Lanchas rápidas de la Guardia Islámica Revolucionaria escoltan a un carguero por la ruta iraní del estrecho de Ormuz.
Además, la economía del régimen de los Ayatolás depende de sus propias exportaciones marítimas, lo que hace inviable una interrupción prolongada del tráfico comercial sin asumir elevados costes internos.
El impacto tampoco se limita a Estados Unidos. Cuanto mayor sea la interferencia sobre el flujo energético mundial, mayor será la presión de países como China, India o Japón —principales destinatarios del petróleo que atraviesa Ormuz— para evitar que el estrecho permanezca sometido a una situación permanente de inestabilidad.
La dialéctica de guerra
En medio de toda esta escalada militar, el presidente estadounidense, Donald Trump, anunció el restablecimiento del bloqueo naval contra Irán. Además, se autoproclamó en Truth Social "guardián del estrecho de Ormuz" y reclamó el 20% de todo el cargamento que lo cruce, justo lo que llevaba meses denunciando como ilegal cuando lo planteaba Teherán.
El propio Trump, en un nuevo giro de guión, ha descartado este martes la imposición de esa tasa a los cargamentos que transiten por el estrecho de Ormuz y ha optado, en su lugar, por priorizar acuerdos comerciales y de inversión con los países del Golfo.
La respuesta de Teherán no tardó en llegar. El portavoz del Ejército iraní, el general de brigada Mohamad Akraminia, aseguraba este mismo martes que las Fuerzas Armadas iraníes no cederán "ni un ápice" sobre el estrecho de Ormuz.
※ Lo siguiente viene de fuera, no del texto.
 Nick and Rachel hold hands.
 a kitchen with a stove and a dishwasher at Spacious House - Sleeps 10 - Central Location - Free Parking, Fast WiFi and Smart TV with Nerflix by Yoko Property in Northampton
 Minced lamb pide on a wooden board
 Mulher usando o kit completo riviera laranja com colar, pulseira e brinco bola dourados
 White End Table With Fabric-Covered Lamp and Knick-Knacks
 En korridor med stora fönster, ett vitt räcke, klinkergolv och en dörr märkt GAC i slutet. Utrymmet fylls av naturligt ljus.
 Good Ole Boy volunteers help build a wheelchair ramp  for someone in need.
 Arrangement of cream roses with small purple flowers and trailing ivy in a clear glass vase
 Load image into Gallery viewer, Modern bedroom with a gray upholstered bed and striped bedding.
"El estrecho de Ormuz nunca será reabierto mediante la guerra, la agresión o los ataques de Estados Unidos", afirmó el portavoz militar, quien sostuvo que únicamente el respeto a los derechos del pueblo iraní permitirá restablecer plenamente la navegación en una de las rutas marítimas más importantes para la seguridad energética mundial.
Todo apunta, por tanto, a que la guerra ha dejado atrás la fase de grandes operaciones para instalarse en un equilibrio de desgaste.